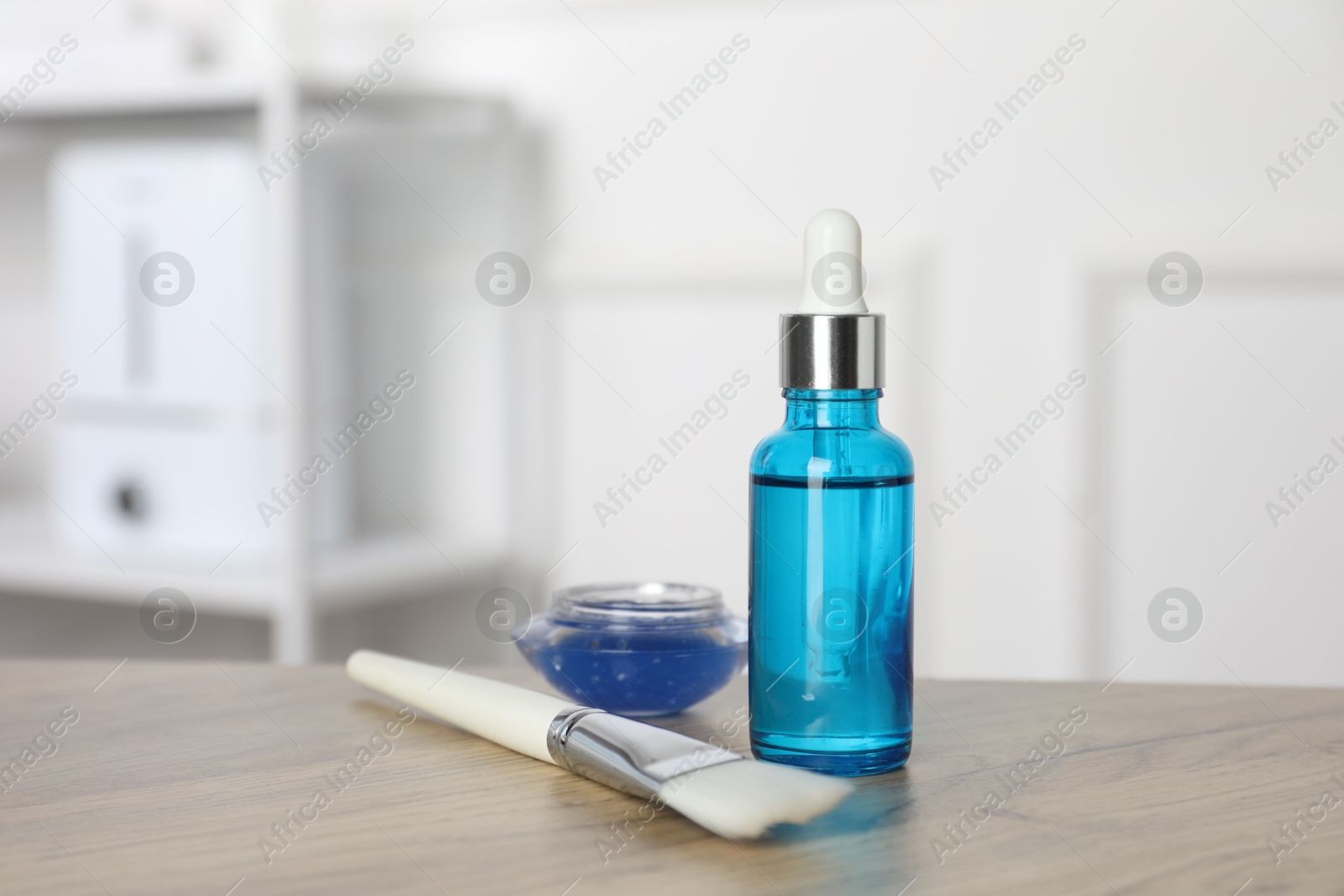 Photo of Peeling procedure. Bottle of chemical peel, bowl with liquid and brush on wooden table indoors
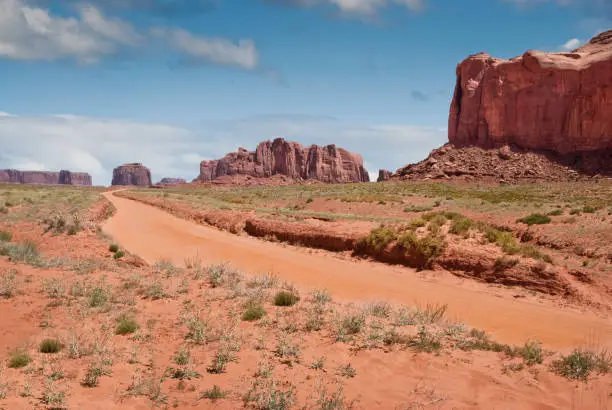 A dirt road leads toward Merrick Butte at Monument Valley Tribal Park in Arizona, USA.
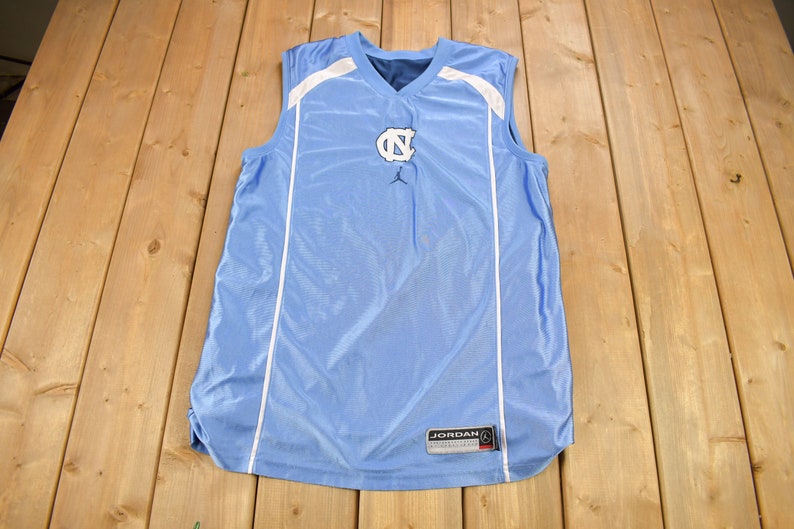 May include: A light blue sleeveless basketball jersey with white trim and the letters "NC" in navy blue on the front. The Jordan logo is below the letters. The jersey has a white tag on the bottom right side that says "JORDAN" in black.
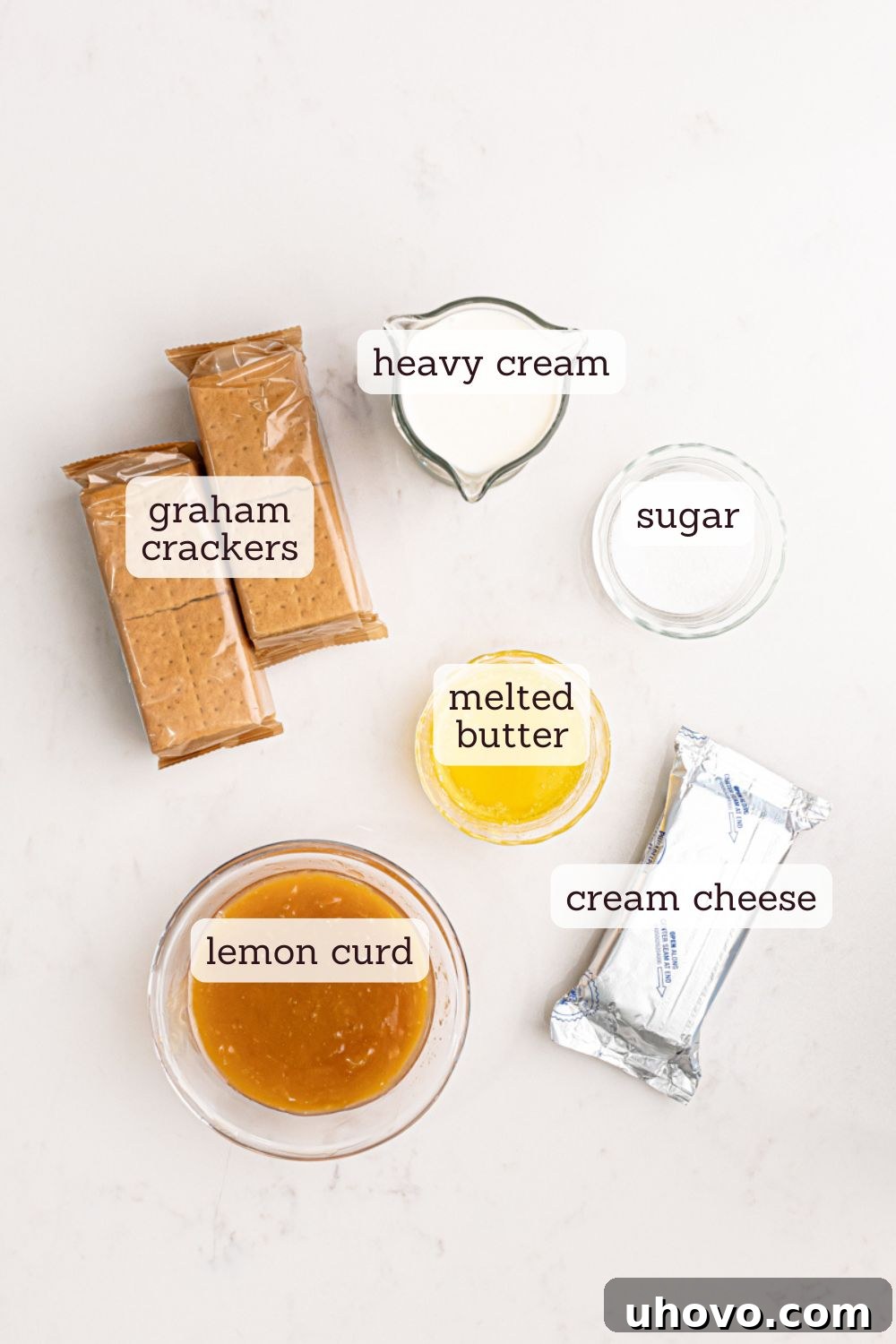 An overhead shot showcasing the essential ingredients neatly arranged for a lemon cream pie. The key components include vibrant yellow lemons, a tub of creamy lemon curd, a block of softened cream cheese, and a carton of heavy cream, all set against a rustic wooden background.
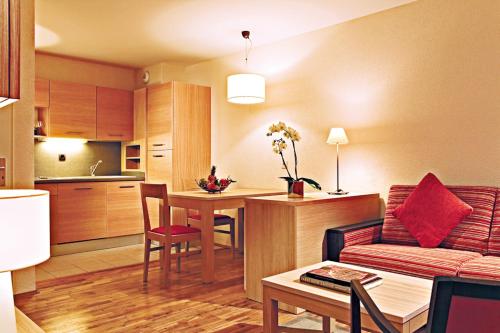 a living room and kitchen with a couch and a table at La Villa Du Lac- 3 rooms for 6 people in Divonne-les-Bains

○ ○ ○ ○ ○ ○ ○

WHAT TO PRODUCE:
Verbatim copy, images excluded: transcribe all the entries above.

ANSWER SPACE:
 Photo of Peeling procedure. Bottle of chemical peel, bowl with liquid and brush on wooden table indoors
 A dirt road leads toward Merrick Butte at Monument Valley Tribal Park in Arizona, USA.
 May include: A light blue sleeveless basketball jersey with white trim and the letters "NC" in navy blue on the front. The Jordan logo is below the letters. The jersey has a white tag on the bottom right side that says "JORDAN" in black.
 An overhead shot showcasing the essential ingredients neatly arranged for a lemon cream pie. The key components include vibrant yellow lemons, a tub of creamy lemon curd, a block of softened cream cheese, and a carton of heavy cream, all set against a rustic wooden background.
 a living room and kitchen with a couch and a table at La Villa Du Lac- 3 rooms for 6 people in Divonne-les-Bains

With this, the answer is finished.